◆ **PROBLEM DETAILS**: Without copying the images, write out all the entries below verbatim.

◆ **DATA RECORDS**:
--- START ---
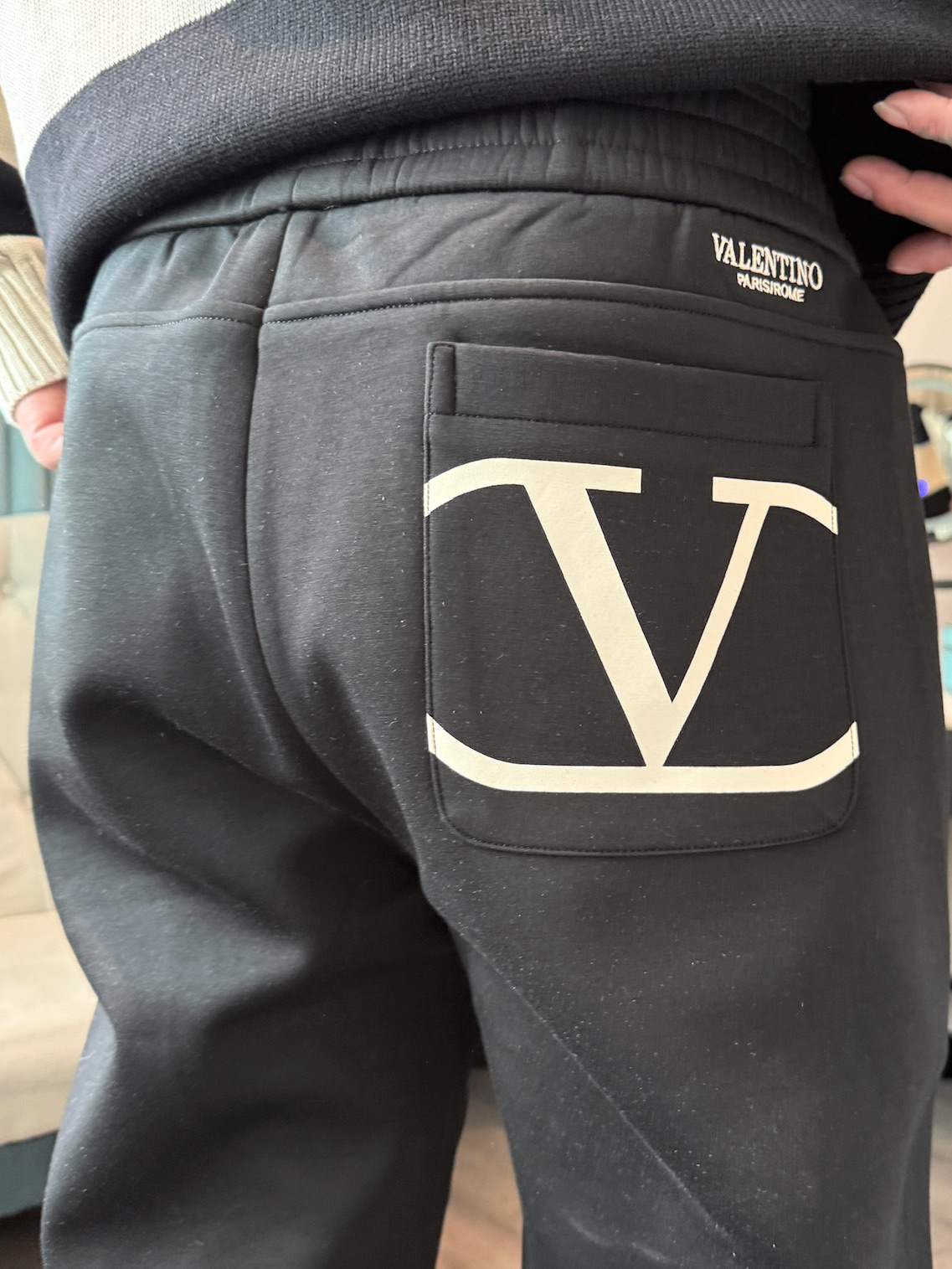 Casual Pants Man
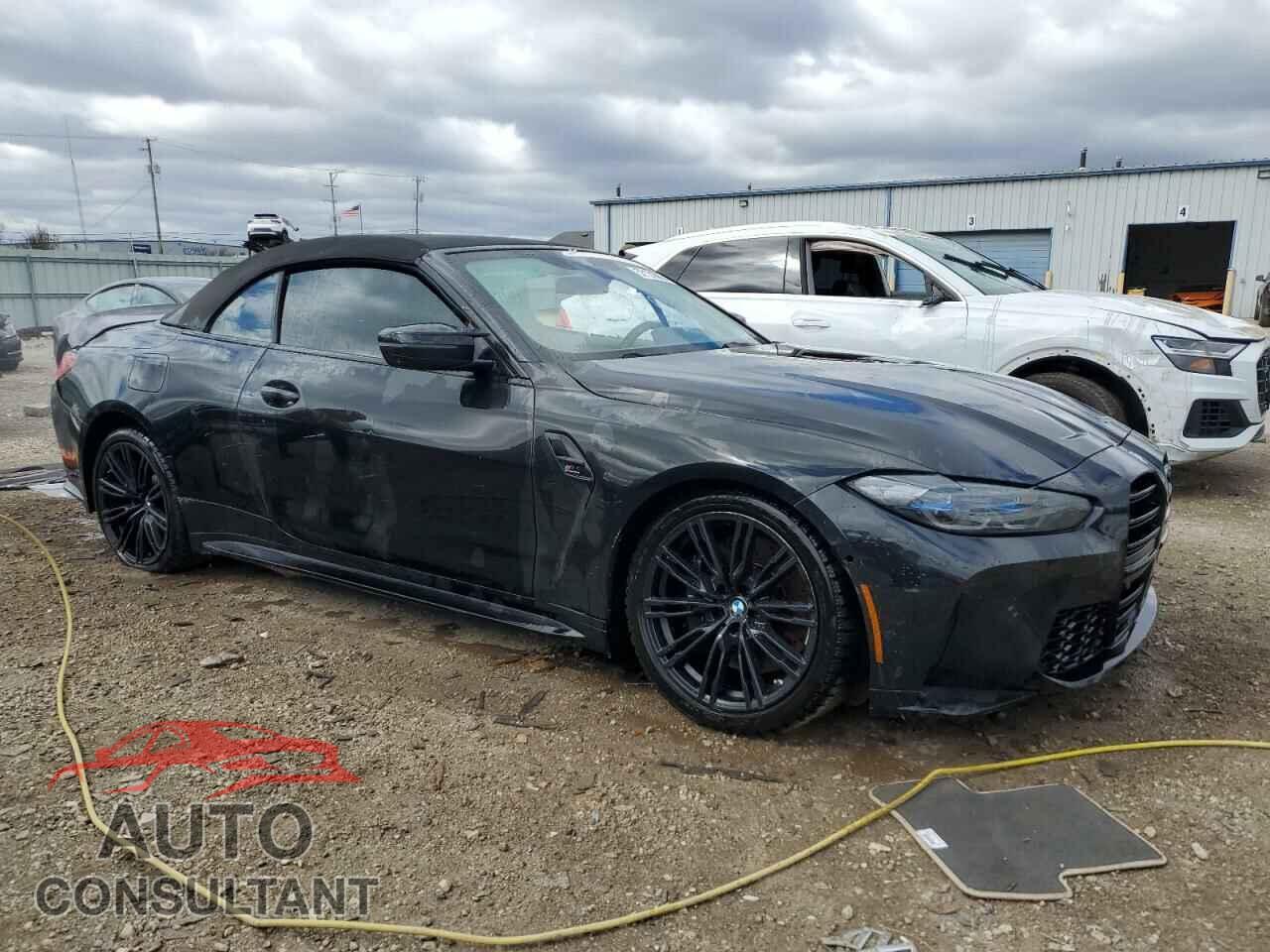 BMW M4 2023 - WBS33BA0XPCL38893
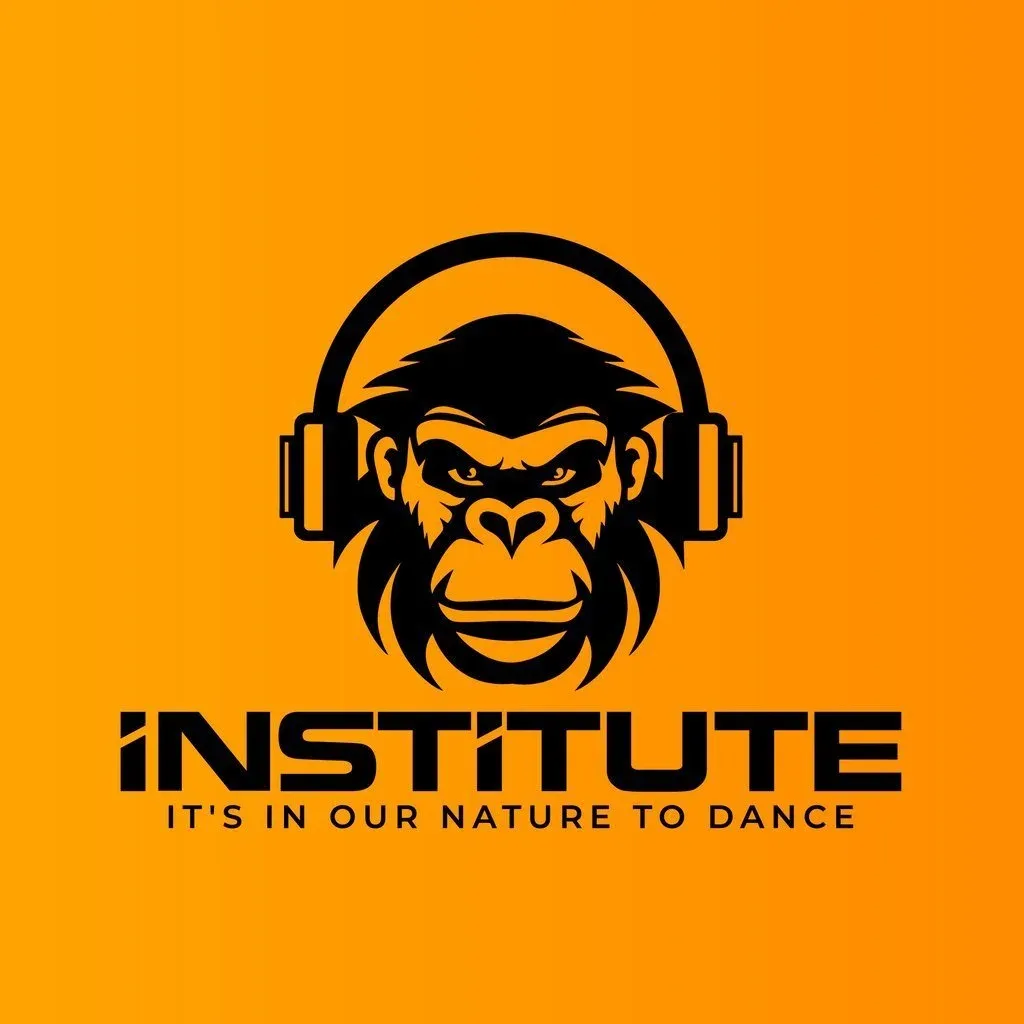 Flyer for Institute: Trance 1993 - 2026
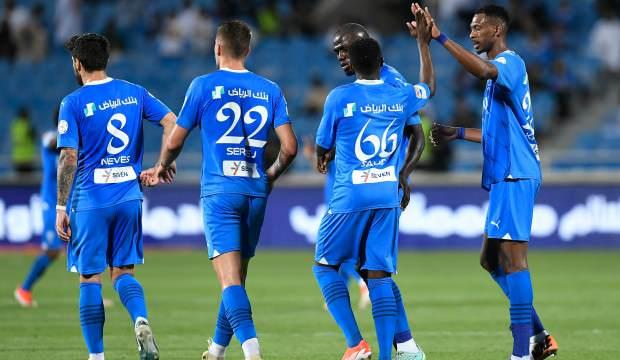 Jorge Jesus'un takımı şampiyonluğunu ilan etti!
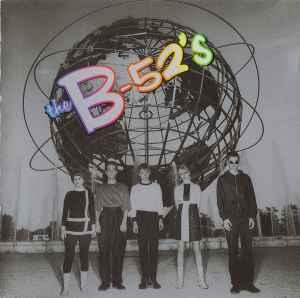 cd - The B-52s - Time Capsule: Songs For A Future Genera..., Verzenden, Zo goed als nieuw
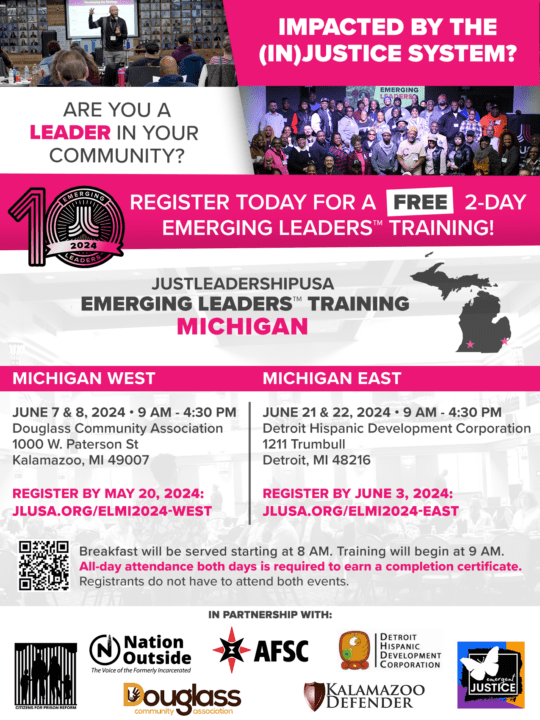 Emerging Leaders™ Michigan West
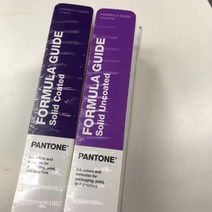 팬톤컬러칩 팬톤 PANTON 컬러북 팬톤북 팬톤칩 Cu 컬러 카드 pantone 공식 가이드 별색 인쇄 Pantone 국제 표준 gp1601a 정통의 2022 새 버전, 2019 구형 모델 2161색 무료 소프트웨어 +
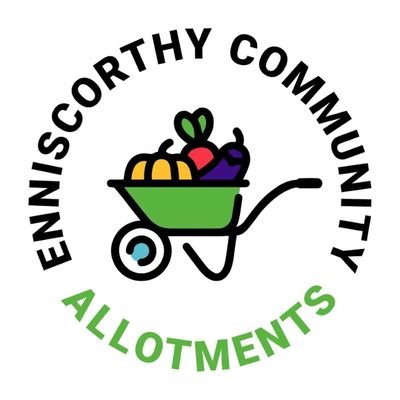 Enniscorthy Community Allotments #enniscorthycommunityallotments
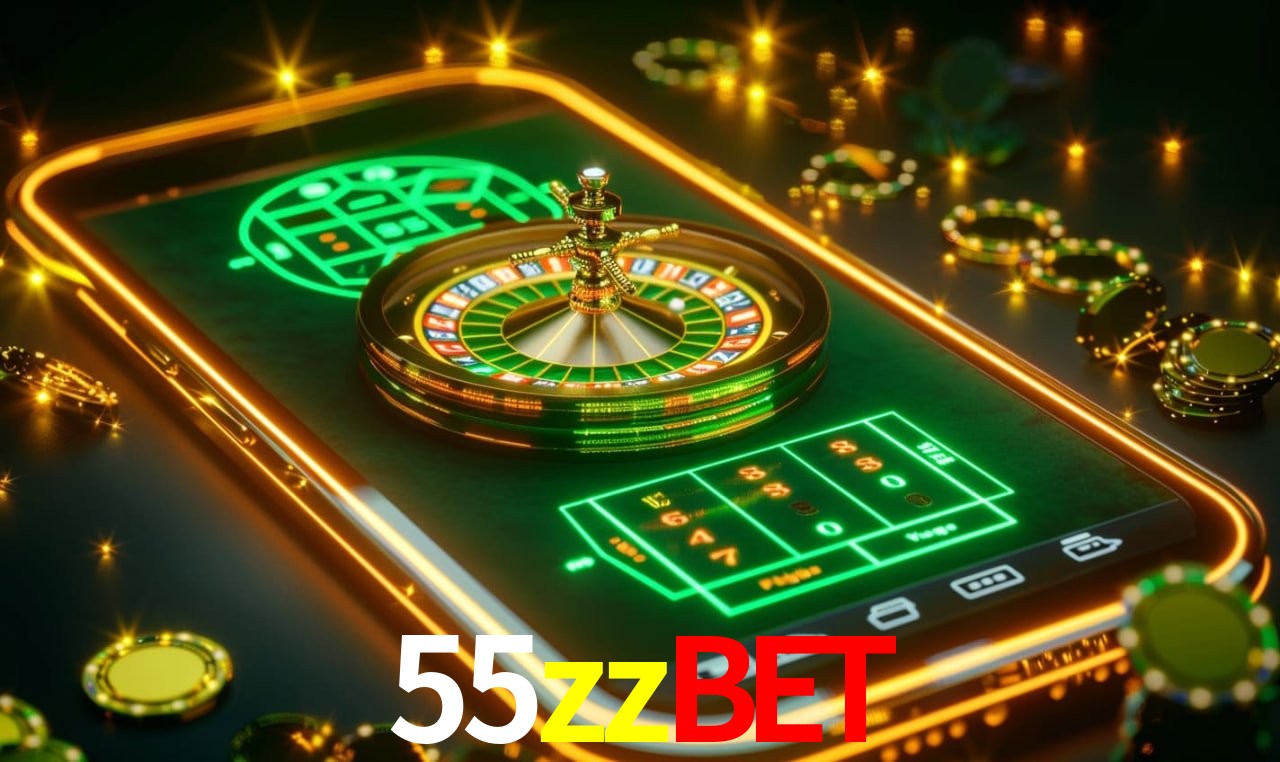 55zzbet Plataforma - Certificada MGA desde 2015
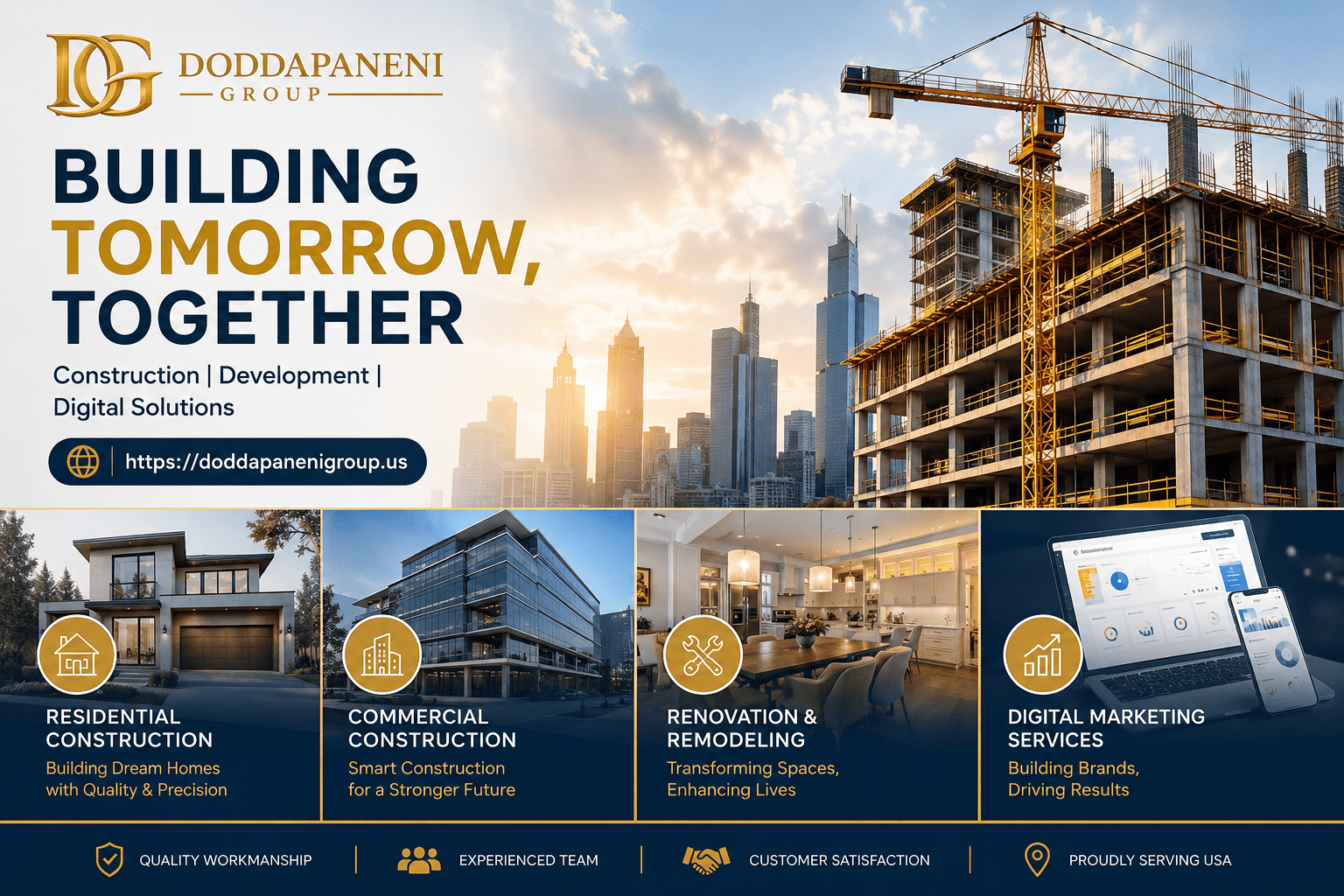 how to reduce construction costs without compromising quality in USA modern construction planning building cost saving strategies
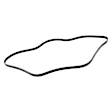 12654472 Serpentine Belt - Sold Individually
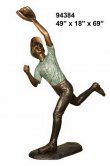 Baseball Fielder Baseball Fielder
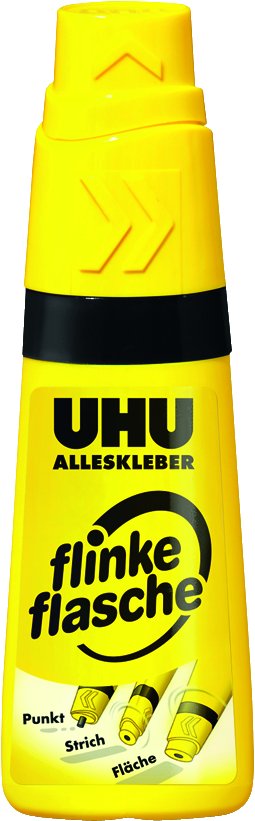 [4026700463002] UHU flinke flasche 35g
--- END ---
◆ **TASK RESPONSE**:
 Casual Pants Man
 BMW M4 2023 - WBS33BA0XPCL38893
 Flyer for Institute: Trance 1993 - 2026
 Jorge Jesus'un takımı şampiyonluğunu ilan etti!
 cd - The B-52s - Time Capsule: Songs For A Future Genera..., Verzenden, Zo goed als nieuw
 Emerging Leaders™ Michigan West
 팬톤컬러칩 팬톤 PANTON 컬러북 팬톤북 팬톤칩 Cu 컬러 카드 pantone 공식 가이드 별색 인쇄 Pantone 국제 표준 gp1601a 정통의 2022 새 버전, 2019 구형 모델 2161색 무료 소프트웨어 +
 Enniscorthy Community Allotments #enniscorthycommunityallotments
 55zzbet Plataforma - Certificada MGA desde 2015
 how to reduce construction costs without compromising quality in USA modern construction planning building cost saving strategies
 12654472 Serpentine Belt - Sold Individually
 Baseball Fielder Baseball Fielder
 [4026700463002] UHU flinke flasche 35g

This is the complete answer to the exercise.